The system is scalable and supports plug-and-play deployment with minimal configuration. It prioritizes reliability, maintainability, and synchronization across multiple Raspberry Pi units.

The system capabilities include:

• Continuous 30-minute interval recordings daily between 7:00 PM and 9:00 AM.
• Synchronized audio and video support from 1-2 USB microphones and 1-2 USB cameras.
• Automatically compresses large video files to meet network constraints.
• Transfers recorded files daily to a Savonia NVIDIA DGX server for storage and analysis.
• Scalable deployment across multiple Raspberry Pi units.

3. System Architecture

3.1. Hardware

Each data collecting unit is built using a Raspberry Pi 5 Model B, chosen for its balance of affordability and performance. Depending on the stall’s layout, the Raspberry Pi can support up to two microphones and two cameras. Audio quality is prioritized for AI research, while video serves only to support the labeling process by recording the source of a sound visually. A sufficient capacity microSD card (128 GB) stores local recordings temporarily until sessional transfer is completed.

Connectivity is achieved via Wi-Fi or Ethernet. In remote barns where wired internet is unavailable, mobile WAN solutions (4G USB modems, “ZTE MU5001 4G/5G” or “Advantech ICR-4400” router) are used to establish a network uplink for remote management and file transfer to Savonia “NVIDIA DGX” server.

3.2. Software Stack

The system runs Raspberry Pi OS Lite. Audio and video are captured using ffmpeg. Task automation is handled by systemd timers. rsync over SSH handles secure data transfer. flock prevents process overlap. Logging and configuration management are built around Bash and GitLab.

3.3. Directory Structure

To ensure clean data organization, each Raspberry Pi follows a unified directory structure:

This structure aids in debugging, transfer automation, and system scaling.

4. Recording Workflow

The recording process is fully automated using systemd services and timers. Each Raspberry Pi begins recording audio and video every 30 minutes between 19:00 and 09:00, creating 30-minute-long synchronized media files. As each audio and video recording is completed, a .done file is created with the same name as the recording. This .done file is used to manage the initiation of transfer of the relevant recording file during the transfer session.

4.1. Audio

Audio is recorded in mono using ffmpeg, sourced from microphones.
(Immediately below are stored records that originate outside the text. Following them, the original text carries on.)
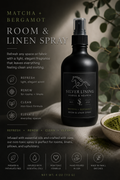 Matcha + Bergamot Room & Linen Spray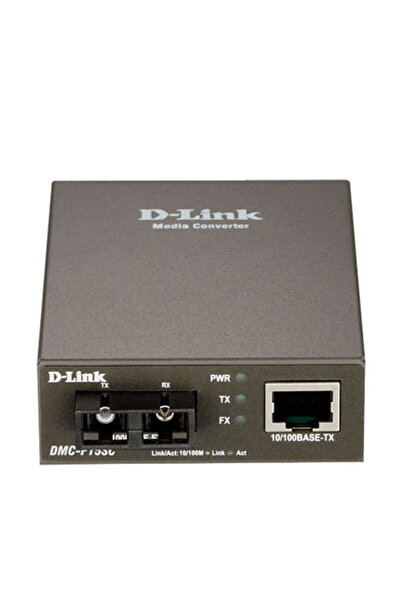 D-Link MEDIA CONVERTOR D-LINK, RJ45 10/100Base-TX la 100Base-FX SC Single-Mod...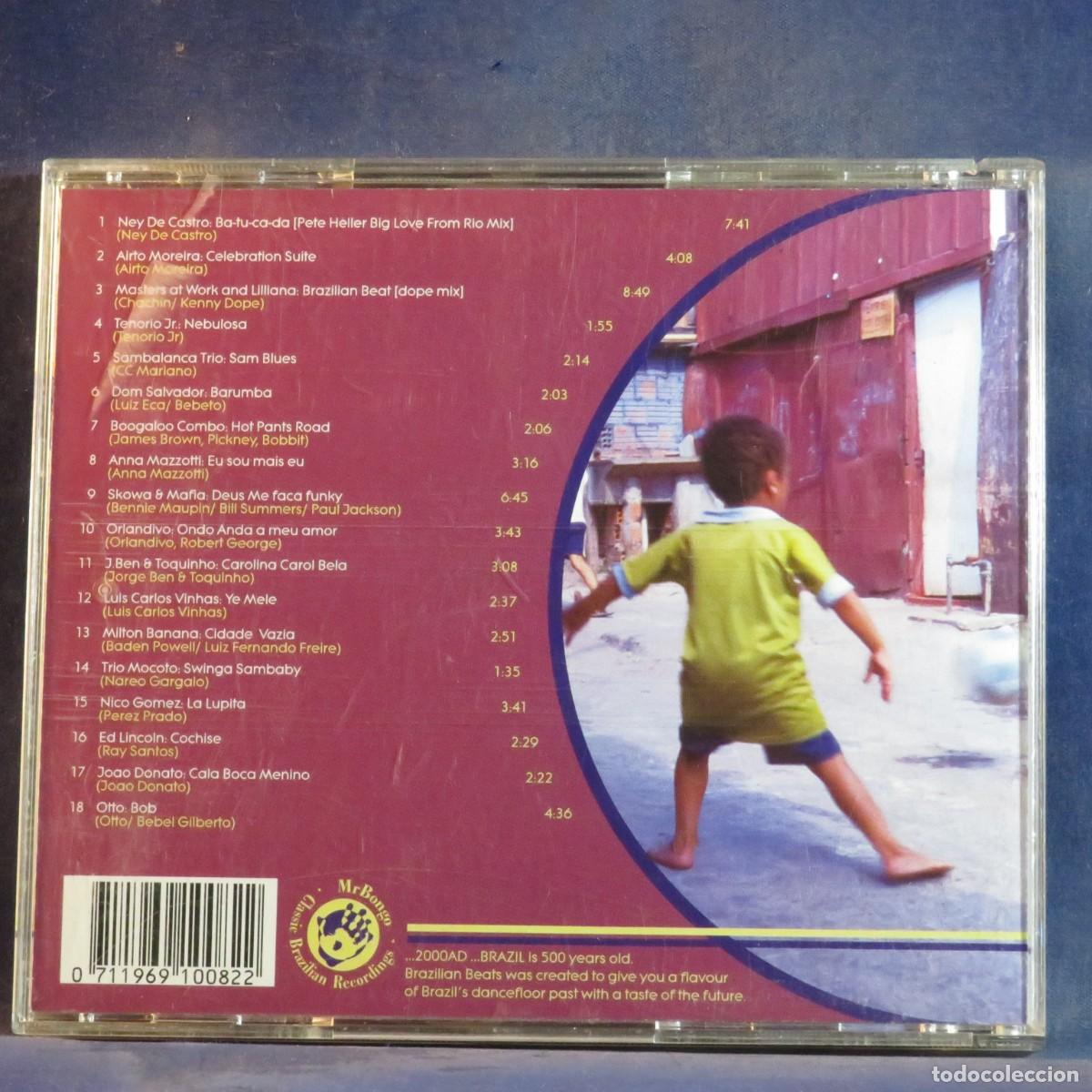 CDs de m&uacute;sica: VARIOUS &ndash; BRAZILIAN BEATS - CD - Foto 2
The recordings are saved in flac format to preserve quality while reducing file size. The typical file size for each 30-minute audio session is approximately 20 MiB.

Example command (simplified):

ffmpeg -f pulse -i “$MIC_NAME” -ac 1 -ar 16000 -t $DURATION -c:a flac “$AUDIO_FILE”

4.2. Video

Video is captured in grayscale using USB cameras at 640×480 resolution and 15 fps. The raw recording is encoded with H.264 (libx264) to balance quality and speed. Each raw 30-minute video is about 370 MiB in size.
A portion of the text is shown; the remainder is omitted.